2010 GDP forecast of MTI revised to 4.5-6.5 percent

19 Feb 2010

Singapore’s economy is expected to grow 4.5 to 6.5 percent this year, after a 20 percent decline in 2009, according to the Ministry of Trade and Industry (MTI).

MTI also said that the Singaporean government had earlier projected that the economy would likely grow 3 to 5 percent this year. However, the latest update on the forecast reflects the increased strength in the near term growth momentum.

It added that the real gross domestic product (GDP) had expanded by 4 percent on a year-on-year basis in Q4 2009, after it increased by 0.6 percent in Q3 last year.

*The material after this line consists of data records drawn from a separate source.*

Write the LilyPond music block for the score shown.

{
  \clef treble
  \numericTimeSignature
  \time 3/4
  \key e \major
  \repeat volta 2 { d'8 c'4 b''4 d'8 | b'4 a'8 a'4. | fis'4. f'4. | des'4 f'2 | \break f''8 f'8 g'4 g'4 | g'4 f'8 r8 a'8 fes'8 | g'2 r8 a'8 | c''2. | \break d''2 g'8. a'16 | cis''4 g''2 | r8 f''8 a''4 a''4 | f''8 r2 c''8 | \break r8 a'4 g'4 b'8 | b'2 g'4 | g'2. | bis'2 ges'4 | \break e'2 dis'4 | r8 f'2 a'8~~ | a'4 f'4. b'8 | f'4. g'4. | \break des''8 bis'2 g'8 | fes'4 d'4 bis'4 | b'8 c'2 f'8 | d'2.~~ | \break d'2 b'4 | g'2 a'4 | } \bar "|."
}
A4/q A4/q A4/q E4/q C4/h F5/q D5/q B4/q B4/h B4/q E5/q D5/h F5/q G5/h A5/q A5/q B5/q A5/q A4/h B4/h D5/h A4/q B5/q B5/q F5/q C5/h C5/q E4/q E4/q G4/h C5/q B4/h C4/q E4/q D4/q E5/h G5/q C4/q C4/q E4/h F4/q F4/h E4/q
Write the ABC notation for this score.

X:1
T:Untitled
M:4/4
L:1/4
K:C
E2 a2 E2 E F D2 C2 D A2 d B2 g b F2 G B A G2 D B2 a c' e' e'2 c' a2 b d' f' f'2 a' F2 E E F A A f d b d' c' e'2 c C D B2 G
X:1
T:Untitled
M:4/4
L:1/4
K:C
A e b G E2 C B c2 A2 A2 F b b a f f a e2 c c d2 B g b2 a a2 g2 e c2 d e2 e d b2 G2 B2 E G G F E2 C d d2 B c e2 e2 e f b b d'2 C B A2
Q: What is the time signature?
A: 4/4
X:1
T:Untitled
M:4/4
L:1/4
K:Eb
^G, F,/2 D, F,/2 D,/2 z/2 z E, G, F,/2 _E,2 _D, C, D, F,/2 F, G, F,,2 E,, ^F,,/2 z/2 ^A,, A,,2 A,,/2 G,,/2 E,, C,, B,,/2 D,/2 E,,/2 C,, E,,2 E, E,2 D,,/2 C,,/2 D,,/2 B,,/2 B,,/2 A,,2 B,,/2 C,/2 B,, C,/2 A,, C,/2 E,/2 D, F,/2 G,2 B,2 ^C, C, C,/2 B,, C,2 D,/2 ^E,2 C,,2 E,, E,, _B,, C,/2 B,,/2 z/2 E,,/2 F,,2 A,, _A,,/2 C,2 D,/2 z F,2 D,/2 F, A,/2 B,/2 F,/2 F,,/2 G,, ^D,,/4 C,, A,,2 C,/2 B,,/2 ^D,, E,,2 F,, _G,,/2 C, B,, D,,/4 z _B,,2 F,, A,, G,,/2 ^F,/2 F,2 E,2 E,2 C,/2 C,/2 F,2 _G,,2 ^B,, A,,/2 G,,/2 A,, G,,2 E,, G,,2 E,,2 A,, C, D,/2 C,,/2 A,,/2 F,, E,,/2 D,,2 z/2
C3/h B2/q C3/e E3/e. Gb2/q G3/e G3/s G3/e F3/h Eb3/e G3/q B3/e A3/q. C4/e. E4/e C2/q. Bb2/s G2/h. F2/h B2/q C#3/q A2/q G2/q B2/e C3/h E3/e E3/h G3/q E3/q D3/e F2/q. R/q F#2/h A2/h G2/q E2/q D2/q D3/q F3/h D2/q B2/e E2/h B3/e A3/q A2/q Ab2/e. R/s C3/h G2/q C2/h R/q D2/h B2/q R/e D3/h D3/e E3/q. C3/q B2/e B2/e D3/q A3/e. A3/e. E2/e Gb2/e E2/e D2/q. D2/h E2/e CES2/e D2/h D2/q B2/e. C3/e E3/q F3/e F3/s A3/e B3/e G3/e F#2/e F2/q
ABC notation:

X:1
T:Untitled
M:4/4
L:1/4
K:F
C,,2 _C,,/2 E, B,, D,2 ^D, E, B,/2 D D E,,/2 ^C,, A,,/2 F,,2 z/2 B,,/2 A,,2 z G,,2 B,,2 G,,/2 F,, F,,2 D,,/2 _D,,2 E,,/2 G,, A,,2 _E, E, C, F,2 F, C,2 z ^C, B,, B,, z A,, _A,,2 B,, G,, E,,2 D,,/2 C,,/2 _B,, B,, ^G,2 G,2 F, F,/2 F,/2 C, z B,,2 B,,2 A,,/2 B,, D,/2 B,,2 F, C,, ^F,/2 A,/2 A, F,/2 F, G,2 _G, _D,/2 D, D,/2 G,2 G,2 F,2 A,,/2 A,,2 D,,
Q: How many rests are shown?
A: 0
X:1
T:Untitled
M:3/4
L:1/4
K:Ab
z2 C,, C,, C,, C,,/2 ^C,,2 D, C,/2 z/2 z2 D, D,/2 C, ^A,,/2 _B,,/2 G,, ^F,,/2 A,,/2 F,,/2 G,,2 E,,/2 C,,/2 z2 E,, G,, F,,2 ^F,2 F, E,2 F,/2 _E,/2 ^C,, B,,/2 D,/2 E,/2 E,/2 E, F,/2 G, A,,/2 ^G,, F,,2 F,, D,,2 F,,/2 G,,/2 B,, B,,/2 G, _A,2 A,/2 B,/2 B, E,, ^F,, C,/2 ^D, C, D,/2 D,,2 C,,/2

The country’s GDP contracted by 2.8 percent on a seasonally adjusted quarter-on-quarter annualised basis in Q4 2009.

The services sector grew 6.6 percent in Q4, compared to the 8.2 percent growth on a seasonally adjusted quarter-on-quarter annualised basis during the third quarter. The tourism- and trade-related sectors like wholesale and retail, hotels and restaurants, transport and storage, posted the biggest gains compared to the previous quarter.

However, the financial sector declined from the previous quarter due to a decline in the stockbroking segments and fund management.

The manufacturing sector was down by 29 percent on a seasonally-adjusted quarter-on-quarter annualised basis in Q4, a reversal from the 25.6 percent growth recorded in Q3. The decline was largely due to the contraction of results in the transport engineering clusters and biomedical manufacturing sectors. But the growth in the chemicals and electronics sectors strengthened because of the continued recovery of global trade.

The construction industry climbed up in the fourth quarter, increasing by 16.4 percent on a seasonally-adjusted quarter-on-quarter annualised basis compared to 3.8 percent in Q3.
 
The inflation forecast for this year has also been revised to 2.0 to 3.0 percent from 2.5 to 3.5 percent. The revision is mainly due to the rebasing of the consumer price index (CPI) of last year, which resulted from the changes of the volume of CPI’s goods and services and to the methodological improvements.

The underlying inflation forecast of the Monetary Authority of Singapore (MAS), excluding private road transport and cost of accommodation, remains at 1 to 2 percent.